Exercise data:
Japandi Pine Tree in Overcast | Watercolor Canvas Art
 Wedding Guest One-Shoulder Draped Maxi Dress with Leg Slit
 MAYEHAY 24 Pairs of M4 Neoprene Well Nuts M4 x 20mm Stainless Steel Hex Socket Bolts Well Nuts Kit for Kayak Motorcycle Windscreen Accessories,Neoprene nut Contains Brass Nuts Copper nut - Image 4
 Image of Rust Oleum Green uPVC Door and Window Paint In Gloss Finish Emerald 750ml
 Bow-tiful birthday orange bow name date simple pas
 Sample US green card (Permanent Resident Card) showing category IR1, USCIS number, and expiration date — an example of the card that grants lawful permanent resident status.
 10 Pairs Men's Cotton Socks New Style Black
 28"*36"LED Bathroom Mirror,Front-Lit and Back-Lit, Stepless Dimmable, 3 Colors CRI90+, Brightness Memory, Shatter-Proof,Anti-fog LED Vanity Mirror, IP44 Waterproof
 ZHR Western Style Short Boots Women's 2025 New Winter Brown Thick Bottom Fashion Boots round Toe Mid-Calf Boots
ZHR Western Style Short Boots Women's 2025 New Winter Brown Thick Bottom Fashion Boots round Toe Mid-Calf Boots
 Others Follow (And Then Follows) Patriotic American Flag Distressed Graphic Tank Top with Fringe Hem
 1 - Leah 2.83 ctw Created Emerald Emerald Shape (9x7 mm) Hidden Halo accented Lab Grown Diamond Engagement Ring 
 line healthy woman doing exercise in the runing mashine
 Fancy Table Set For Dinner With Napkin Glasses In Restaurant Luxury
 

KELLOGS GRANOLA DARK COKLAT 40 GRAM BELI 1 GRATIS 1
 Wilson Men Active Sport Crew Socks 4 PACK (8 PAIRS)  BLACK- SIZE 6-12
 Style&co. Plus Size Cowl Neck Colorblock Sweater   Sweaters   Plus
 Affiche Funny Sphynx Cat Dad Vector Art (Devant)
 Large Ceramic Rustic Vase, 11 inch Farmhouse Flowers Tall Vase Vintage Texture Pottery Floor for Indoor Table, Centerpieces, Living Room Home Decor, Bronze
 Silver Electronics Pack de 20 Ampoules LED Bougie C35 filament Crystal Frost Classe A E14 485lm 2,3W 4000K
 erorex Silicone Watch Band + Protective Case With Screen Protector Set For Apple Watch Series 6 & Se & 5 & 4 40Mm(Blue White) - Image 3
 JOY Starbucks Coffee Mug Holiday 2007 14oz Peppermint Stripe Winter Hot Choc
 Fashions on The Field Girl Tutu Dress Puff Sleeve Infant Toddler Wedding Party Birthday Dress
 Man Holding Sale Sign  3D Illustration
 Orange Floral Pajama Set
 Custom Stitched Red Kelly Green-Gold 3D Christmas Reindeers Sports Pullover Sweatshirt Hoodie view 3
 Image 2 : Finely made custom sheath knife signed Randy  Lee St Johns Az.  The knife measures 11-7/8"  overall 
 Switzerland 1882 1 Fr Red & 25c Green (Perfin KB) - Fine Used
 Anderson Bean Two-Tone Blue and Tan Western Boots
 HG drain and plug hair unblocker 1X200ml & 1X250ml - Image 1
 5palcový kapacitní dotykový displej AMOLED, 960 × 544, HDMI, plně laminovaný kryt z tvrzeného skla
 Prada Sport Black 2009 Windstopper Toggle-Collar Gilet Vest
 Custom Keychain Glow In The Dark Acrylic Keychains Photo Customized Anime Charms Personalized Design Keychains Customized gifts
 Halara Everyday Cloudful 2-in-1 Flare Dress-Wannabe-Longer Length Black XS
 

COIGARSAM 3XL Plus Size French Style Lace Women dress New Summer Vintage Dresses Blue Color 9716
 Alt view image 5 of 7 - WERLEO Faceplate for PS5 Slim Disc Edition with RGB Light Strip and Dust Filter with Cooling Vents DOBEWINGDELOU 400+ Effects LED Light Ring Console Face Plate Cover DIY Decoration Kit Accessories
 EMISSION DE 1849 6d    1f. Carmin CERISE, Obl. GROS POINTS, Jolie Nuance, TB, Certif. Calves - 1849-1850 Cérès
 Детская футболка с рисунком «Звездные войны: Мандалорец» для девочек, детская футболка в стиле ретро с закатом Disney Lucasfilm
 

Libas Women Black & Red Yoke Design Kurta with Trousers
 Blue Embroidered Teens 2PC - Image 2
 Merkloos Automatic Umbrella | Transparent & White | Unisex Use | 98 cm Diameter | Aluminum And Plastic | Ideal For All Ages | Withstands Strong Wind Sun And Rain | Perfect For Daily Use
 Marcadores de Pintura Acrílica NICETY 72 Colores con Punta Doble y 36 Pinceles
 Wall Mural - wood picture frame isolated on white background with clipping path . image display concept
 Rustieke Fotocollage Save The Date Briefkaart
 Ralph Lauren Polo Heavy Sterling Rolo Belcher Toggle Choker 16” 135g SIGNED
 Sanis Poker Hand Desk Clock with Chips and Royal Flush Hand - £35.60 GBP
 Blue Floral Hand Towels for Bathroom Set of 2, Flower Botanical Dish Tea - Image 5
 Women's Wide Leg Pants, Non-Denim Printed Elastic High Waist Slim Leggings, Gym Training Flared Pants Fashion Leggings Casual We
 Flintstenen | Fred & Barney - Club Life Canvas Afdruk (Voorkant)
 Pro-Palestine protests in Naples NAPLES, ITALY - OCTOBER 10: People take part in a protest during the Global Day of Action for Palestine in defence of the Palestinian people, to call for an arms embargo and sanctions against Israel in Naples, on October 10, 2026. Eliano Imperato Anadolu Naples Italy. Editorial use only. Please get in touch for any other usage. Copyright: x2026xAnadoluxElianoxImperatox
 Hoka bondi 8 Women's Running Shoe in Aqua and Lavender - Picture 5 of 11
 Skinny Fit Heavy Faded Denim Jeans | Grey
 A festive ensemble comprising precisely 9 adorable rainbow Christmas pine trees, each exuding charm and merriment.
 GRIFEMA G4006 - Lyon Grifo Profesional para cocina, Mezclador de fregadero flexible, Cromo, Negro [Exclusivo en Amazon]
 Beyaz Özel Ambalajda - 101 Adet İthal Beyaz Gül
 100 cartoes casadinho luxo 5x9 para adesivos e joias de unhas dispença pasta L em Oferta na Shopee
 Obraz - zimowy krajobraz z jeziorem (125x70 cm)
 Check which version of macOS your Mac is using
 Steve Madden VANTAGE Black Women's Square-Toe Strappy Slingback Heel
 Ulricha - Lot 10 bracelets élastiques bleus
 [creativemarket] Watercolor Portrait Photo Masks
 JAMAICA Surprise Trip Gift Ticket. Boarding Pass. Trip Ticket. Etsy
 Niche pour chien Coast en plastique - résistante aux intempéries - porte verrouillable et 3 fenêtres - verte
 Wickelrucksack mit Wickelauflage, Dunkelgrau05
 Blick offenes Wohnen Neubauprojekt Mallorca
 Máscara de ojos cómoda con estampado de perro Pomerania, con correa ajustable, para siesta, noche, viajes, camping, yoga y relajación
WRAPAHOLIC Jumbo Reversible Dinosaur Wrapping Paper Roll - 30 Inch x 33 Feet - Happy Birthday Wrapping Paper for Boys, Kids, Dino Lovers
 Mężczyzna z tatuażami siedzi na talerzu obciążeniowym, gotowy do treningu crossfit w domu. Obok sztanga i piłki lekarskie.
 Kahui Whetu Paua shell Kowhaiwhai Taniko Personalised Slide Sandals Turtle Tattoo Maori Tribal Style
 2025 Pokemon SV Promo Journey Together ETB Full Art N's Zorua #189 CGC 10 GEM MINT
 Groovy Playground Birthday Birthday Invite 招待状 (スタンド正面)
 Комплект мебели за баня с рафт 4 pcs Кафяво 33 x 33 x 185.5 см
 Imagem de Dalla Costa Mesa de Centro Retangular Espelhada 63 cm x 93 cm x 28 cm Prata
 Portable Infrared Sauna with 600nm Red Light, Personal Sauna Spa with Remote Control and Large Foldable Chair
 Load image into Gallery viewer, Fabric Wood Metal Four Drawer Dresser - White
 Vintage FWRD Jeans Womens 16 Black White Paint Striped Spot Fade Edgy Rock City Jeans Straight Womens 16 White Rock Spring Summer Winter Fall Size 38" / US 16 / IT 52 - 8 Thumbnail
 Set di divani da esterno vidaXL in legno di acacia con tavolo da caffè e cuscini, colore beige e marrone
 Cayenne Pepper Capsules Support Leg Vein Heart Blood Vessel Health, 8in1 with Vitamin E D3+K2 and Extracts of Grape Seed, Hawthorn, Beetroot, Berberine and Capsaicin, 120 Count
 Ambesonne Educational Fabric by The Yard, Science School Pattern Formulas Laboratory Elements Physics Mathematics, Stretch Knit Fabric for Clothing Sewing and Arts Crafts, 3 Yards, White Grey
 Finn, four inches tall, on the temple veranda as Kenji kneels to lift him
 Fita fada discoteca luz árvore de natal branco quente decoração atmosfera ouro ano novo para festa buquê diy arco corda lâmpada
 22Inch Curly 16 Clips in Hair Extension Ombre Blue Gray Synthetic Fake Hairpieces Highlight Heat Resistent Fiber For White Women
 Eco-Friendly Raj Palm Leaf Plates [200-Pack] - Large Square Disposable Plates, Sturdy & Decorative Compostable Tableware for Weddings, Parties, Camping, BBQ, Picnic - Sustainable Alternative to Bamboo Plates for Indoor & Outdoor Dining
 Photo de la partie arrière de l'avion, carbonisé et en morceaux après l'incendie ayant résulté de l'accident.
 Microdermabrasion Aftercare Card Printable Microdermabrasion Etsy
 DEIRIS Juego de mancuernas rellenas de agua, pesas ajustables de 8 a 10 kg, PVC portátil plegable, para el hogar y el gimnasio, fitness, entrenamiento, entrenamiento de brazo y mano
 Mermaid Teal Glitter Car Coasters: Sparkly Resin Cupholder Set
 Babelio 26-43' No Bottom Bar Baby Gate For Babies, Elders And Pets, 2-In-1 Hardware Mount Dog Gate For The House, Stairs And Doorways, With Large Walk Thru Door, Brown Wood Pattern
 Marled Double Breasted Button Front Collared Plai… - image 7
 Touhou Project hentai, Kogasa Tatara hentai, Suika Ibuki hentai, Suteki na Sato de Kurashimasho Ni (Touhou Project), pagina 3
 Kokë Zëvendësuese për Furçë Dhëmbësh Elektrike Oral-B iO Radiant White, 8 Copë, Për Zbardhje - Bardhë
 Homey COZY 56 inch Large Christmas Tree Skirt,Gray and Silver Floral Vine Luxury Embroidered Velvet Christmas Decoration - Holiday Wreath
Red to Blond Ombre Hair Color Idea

Exercise goal:
Go through the records above and, whenever a line includes the word "Paint", copy it.

Response:
 Image of Rust Oleum Green uPVC Door and Window Paint In Gloss Finish Emerald 750ml
 Vintage FWRD Jeans Womens 16 Black White Paint Striped Spot Fade Edgy Rock City Jeans Straight Womens 16 White Rock Spring Summer Winter Fall Size 38" / US 16 / IT 52 - 8 Thumbnail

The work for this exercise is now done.